Я хочу подкрепить это далеко идущее заявление, обозначая два общих модуса критицизма познавательных целей или наборов целей (помимо обвинения их во внутренней противоречивости). Я покажу, что можно спорить с целью на двух основаниях: 1°. она утопична и нереализуема; 2°. она может не соответствовать тем неявным ценностям, которые присутствуют в нашей практике общения и рассуждения. Эти диспозиции не исчерпывают ресурсов аксиологической критики, но, по-видимому, это важнейшие ресурсы. Я намереваюсь обсудить каждую из названных стратегий подробнее.
1°. Утопические ценности. Когда я говорю, что цель или ценность утопична, это означает, что мы не имеем основы для веры в возможность ее актуализации и "операционализации", иными словами, мы не имеем ни малейшего представления о том, как произвести некоторые действия или адаптировать некоторые стратегии, которые потенциально приводят к реализации рассматриваемой цели.
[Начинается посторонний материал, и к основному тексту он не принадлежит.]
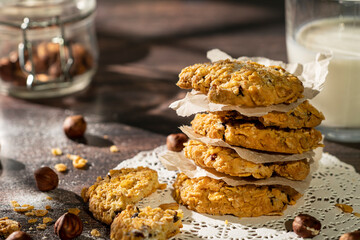 Homemade cookies with chocolate, nuts and milk on a wooden table and art background in the morning. Close. Breakfast.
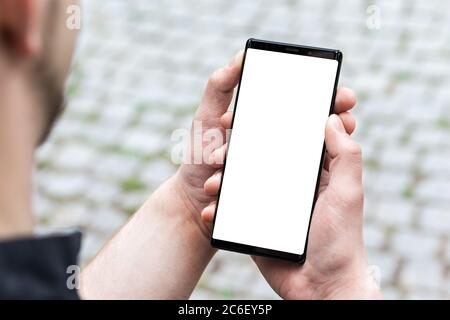 Image of mans hand holding modern black mobile phone with blank white screen. Man using mobile smart phone, close up. Stock Photo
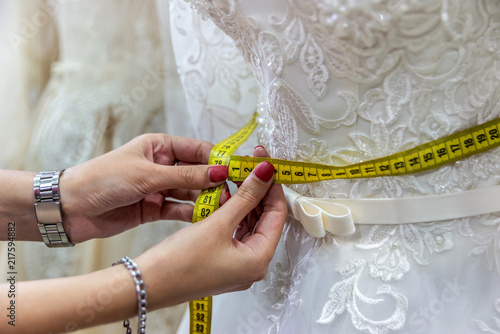 Female hands with measuring tape and wedding dress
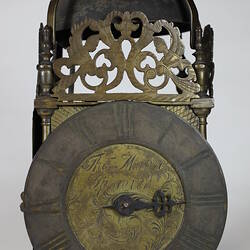 Rectangular metal clock with domed top, front view.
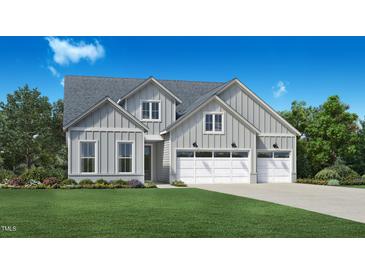 Charming two-story home showcasing light gray siding, a well-manicured lawn, and a convenient three-car garage at 2125 Abbeyhill Dr # 88, Raleigh, NC 27610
Возьмем для начала примитивный пример. Если некто говорит мне, что его базовая ценность состоит в том, чтобы путешествовать со скоростью, большей световой, или быть одновременно в двух местах, моей реакцией будет возражение, что при нынешнем состоянии наших знаний о мире и наших номи-ческих возможностей, он стремится к недостижимому. Я мог бы согласиться с ним, что перемещение с очень высокой скоростью или нахождение в двух местах сразу имеет свою привлекательность, но я не считаю разумным придерживаться этих целей, так как у меня есть неопровержимые аргументы в пользу того, что обе цели полностью за пределами достижимого: они обе попадают в область того, что с достаточным основанием считается физически невозможным. В приведенном утверждении неявно присутствует вера в то, что рациональная адаптация цели должна быть предварена спецификацией оснований веры в то, что цель может быть достигнута.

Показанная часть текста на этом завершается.